Na tarde da última sexta-feira, 31, Alexandre Padilha deu uma longa entrevista a jornalistas da GloboNews. Tentando falar a língua das massas, o ministro-chefe da Secretaria de Relações Institucionais deve ter batido o recorde mundial de metáforas futebolísticas em 20 minutos de conversa.
Reforma ministerial?
“Nós estamos naquele momento igual a um time de futebol quando terminou um primeiro tempo difícil. É aquele momento que o time vai para o vestiário e o técnico está com os titulares, reservas, puxando o pessoal da base, olhando a janela de transferência”.
E a entrevista de Arthur Lira publicada no jornal O Globo, dando pitacos na reforma ministerial?
“A torcida e os comentaristas têm comentários e avaliações. Todos os comentários são válidos, mas o técnico é muito experiente e é quem vai definir como o time volta para o segundo tempo”.
E o papel dele, Padilha, no governo?
“Eu sou ali da defesa, que limpa a jogada e manda para os atacantes fazerem os gols”.

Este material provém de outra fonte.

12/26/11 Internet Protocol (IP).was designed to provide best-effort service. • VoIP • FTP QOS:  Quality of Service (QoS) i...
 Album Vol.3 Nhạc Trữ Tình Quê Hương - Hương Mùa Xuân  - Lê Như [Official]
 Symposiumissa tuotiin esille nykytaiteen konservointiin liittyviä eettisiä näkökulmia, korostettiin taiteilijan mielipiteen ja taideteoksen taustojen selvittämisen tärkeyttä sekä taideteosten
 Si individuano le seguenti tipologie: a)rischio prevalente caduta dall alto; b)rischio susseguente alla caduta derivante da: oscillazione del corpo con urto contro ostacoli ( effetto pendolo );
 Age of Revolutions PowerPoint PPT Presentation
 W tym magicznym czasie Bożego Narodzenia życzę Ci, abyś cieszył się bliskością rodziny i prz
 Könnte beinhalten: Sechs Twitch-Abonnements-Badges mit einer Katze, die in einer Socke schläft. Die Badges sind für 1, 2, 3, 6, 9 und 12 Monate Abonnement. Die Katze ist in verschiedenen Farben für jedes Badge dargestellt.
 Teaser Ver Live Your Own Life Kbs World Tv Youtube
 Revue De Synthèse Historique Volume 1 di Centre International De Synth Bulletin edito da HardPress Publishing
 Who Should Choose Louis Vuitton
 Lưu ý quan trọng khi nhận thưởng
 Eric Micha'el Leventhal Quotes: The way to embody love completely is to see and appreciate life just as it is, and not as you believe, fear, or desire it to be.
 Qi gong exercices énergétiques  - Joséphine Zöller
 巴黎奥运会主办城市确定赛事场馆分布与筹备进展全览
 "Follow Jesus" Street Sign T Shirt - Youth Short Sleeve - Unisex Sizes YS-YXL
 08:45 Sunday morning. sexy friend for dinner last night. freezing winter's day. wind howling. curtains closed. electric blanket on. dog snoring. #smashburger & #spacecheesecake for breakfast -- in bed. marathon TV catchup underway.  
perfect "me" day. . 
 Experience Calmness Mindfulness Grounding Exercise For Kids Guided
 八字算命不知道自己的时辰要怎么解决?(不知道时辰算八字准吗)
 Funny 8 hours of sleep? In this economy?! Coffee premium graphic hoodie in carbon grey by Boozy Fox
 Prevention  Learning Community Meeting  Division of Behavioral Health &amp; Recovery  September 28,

Os ministros devem estar comprometidos com a reeleição de Lula em 2026?
“É fundamental que todos no time estejam defendendo e atacando até o final do segundo tempo”.
E Gilberto Kassab dizendo que não será fácil para Lula em 2026?
“Poxa, estão querendo discutir se o Corinthians é favorito ou não no campeonato de 2026?”.
Tem ministro que briga com todo mundo dentro do governo?
“Toda seleção campeã tem seus Pelés, seus Dungas, seus Romários. Toda seleção campeã é formada por jogadores com características diferentes que contribuem fortemente para a vitória”.
Porque a popularidade de Lula está em baixa? Aqui, pausa para uma metáfora cinéfila:
“Pesquisa é fotografia que não atrapalha o filme. No filme você tem momentos de maior tensão, menor tensão. Tem momentos ali em que o mocinho está numa situação mais difícil. Outro dia está numa situação melhor”.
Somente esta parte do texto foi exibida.